◆ **WORK REQUIRED**
Keep the text of the data exactly as it is and omit each picture from the copy.

Collected data
##########
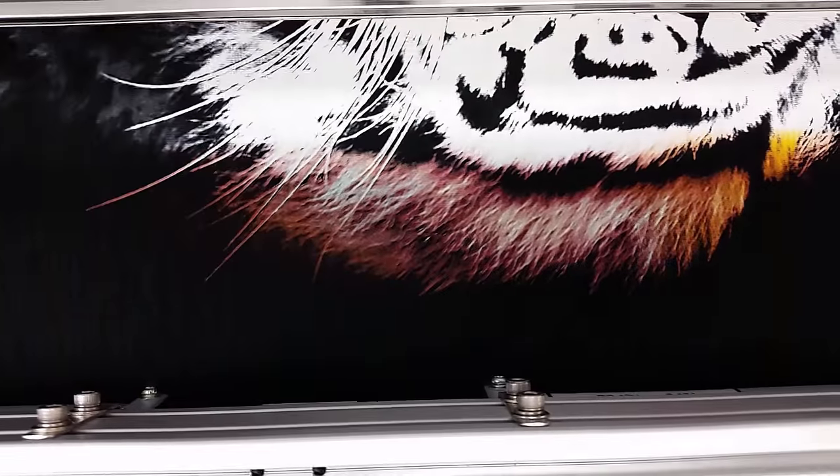Just starting to lay down the color layer on that hair, and it looks amazing.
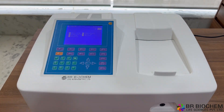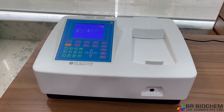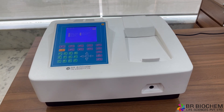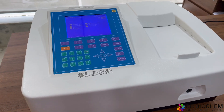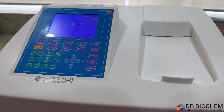Introducing the Double Beam UV-Vis Spectrophotometer, an advanced instrument designed to meet your analytical needs. Equipped with a double beam optical system, this spectrophotometer effectively minimizes drift and compensates for blank changes, making it ideal for long-term testing. Let's explore its impressive technical specifications and the convenient features it offers.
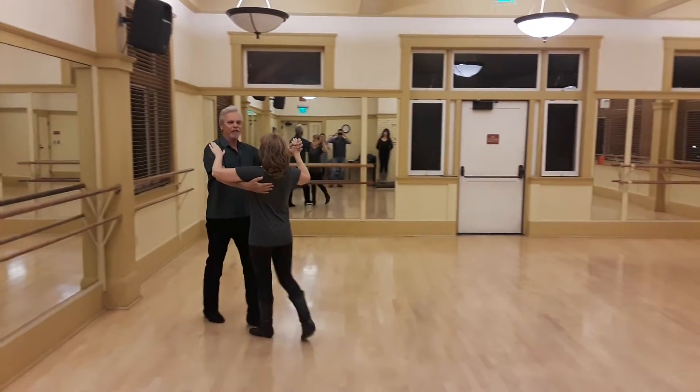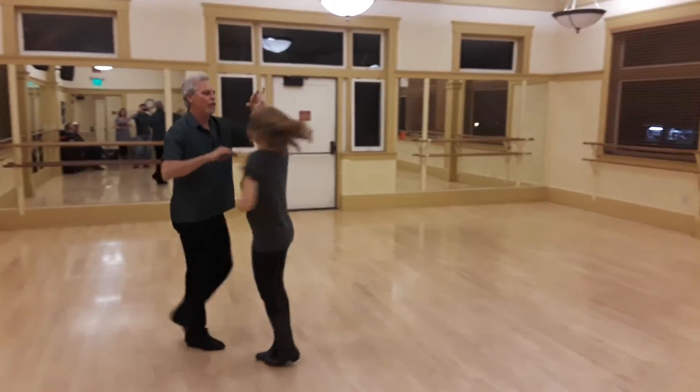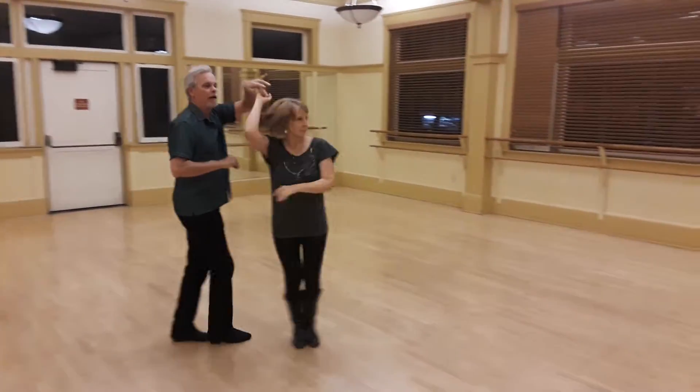Quick, quick, single prep. Turn, turn, shoulder, catch. Quick, quick, another prep.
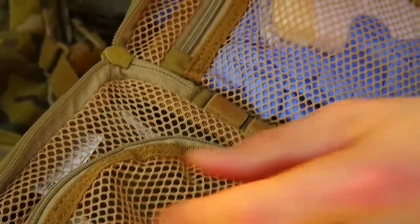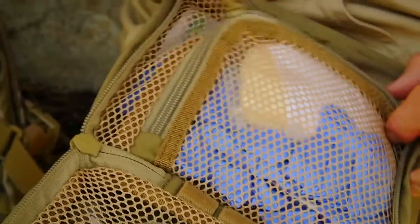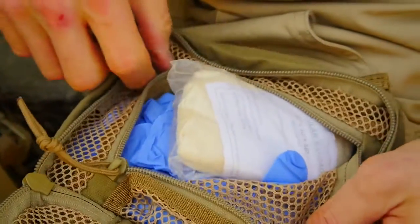This pouch is ideal for both tactical and recreational use because the internal zipper mesh pockets keep all of your emergency accessories within plain sight.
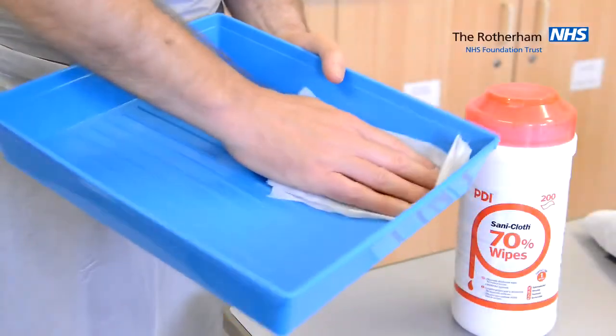It is not the purpose of this short video to teach the whole skill of how to take a blood culture. It is to focus on how to prevent contamination.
##########
◆ **SOLUTION**
Just starting to lay down the color layer on that hair, and it looks amazing.
Introducing the Double Beam UV-Vis Spectrophotometer, an advanced instrument designed to meet your analytical needs. Equipped with a double beam optical system, this spectrophotometer effectively minimizes drift and compensates for blank changes, making it ideal for long-term testing. Let's explore its impressive technical specifications and the convenient features it offers.
Quick, quick, single prep. Turn, turn, shoulder, catch. Quick, quick, another prep.
This pouch is ideal for both tactical and recreational use because the internal zipper mesh pockets keep all of your emergency accessories within plain sight.
It is not the purpose of this short video to teach the whole skill of how to take a blood culture. It is to focus on how to prevent contamination.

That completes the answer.